- Film poster of Loot-Toraj
- Directed by: Kazi Hayat
- Written by: Kazi Hayat
- Produced by: Kritanjoli Films
- Starring: Manna; Diti; Moushumi; Anwara; Rajib;
- Cinematography: Moniruzzaman Monir
- Edited by: Amzat Hossain
- Music by: Ahmed Imtiaz Bulbul
- Production company: Kritanjoli Films
- Distributed by: Kritanjoli Films
- Release date: 1997;
- Country: Bangladesh
- Language: Bengali
- Budget: ৳1.15 crore
- Box office: ৳7.10 crore

= Loot Toraj =

Loot-Toraj is a 1997 Bangladeshi political action-drama film. It was produced by actor Manna under the banner of Kritanjoli Films, making it his first film as a producer. It was directed by Kazi Hayat. The film stars Manna, Diti, Moushumi, and Rajib in the lead roles.

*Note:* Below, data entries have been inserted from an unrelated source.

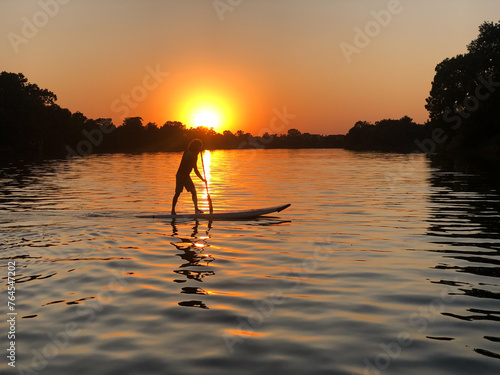 stand up paddle on sunset on a lake © ivu
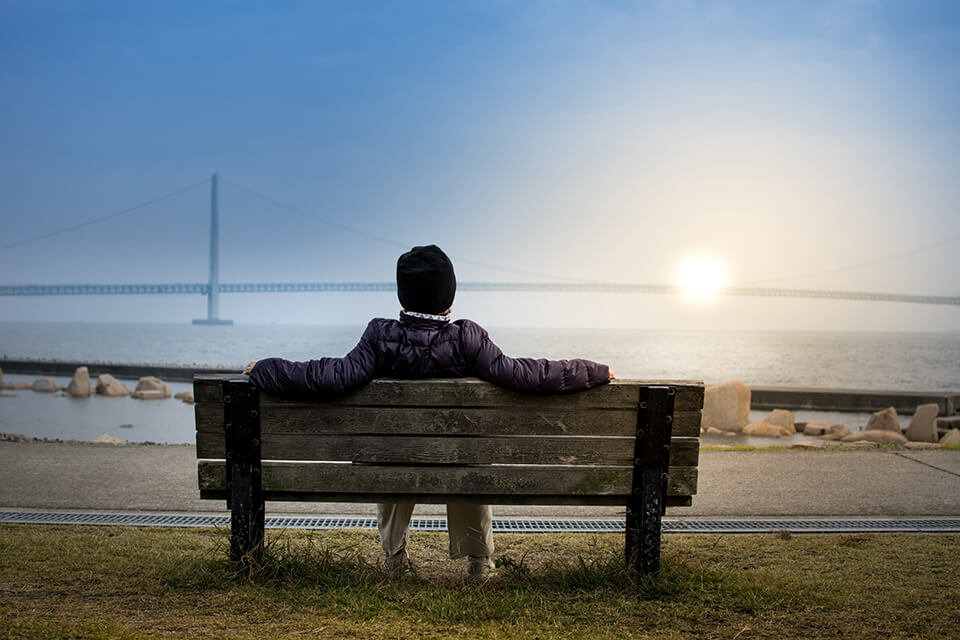 Man sitting on bench in park, relaxing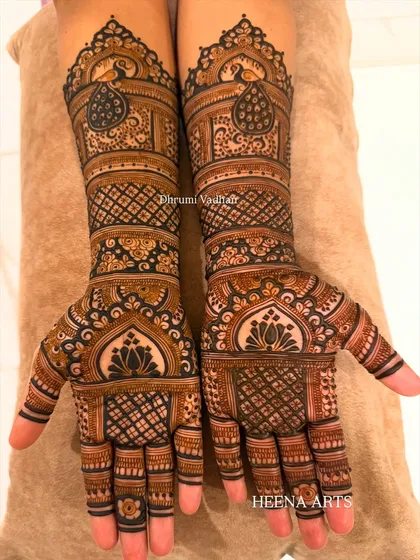 This bride requested a classic design with a modern feel. I used traditional peacock and lotus motifs but arranged them in a contemporary layout with lots of detailed pattern work.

The film was released in Bangladesh in 1997 and became a commercial success at the box office.

== Cast ==
- Manna
- Diti
- Moushumi
- Anwara
- Rajib
- Mizu Ahmed
- Anwar Hossain
- Sharmin
- Dildar
- Dulari
- Danny Raj
- Arman
- Nantu
- Kala Aziz
- Jackie
- Siraj Haider
- Maruf (child artist)

== Music ==
The film’s songs were written, composed, and arranged by Ahmed Imtiaz Bulbul. Playback singers included Runa Laila, Kanak Chapa, Agun, Khalid Hasan Milu, Doly Sayontoni, and Ayub Bachchu.

Loot-Toraj marked the first time legendary rock artist Ayub Bachchu performed playback singing in a film, at the request of Manna. The song "Ananta Prem Tumi Dao Amake", sung by Ayub Bachchu and Kanak Chapa, became very popular.

== Notes ==
- Loot-Toraj was actor Manna’s first film as a producer.
- It was the first collaboration between Manna and Moushumi.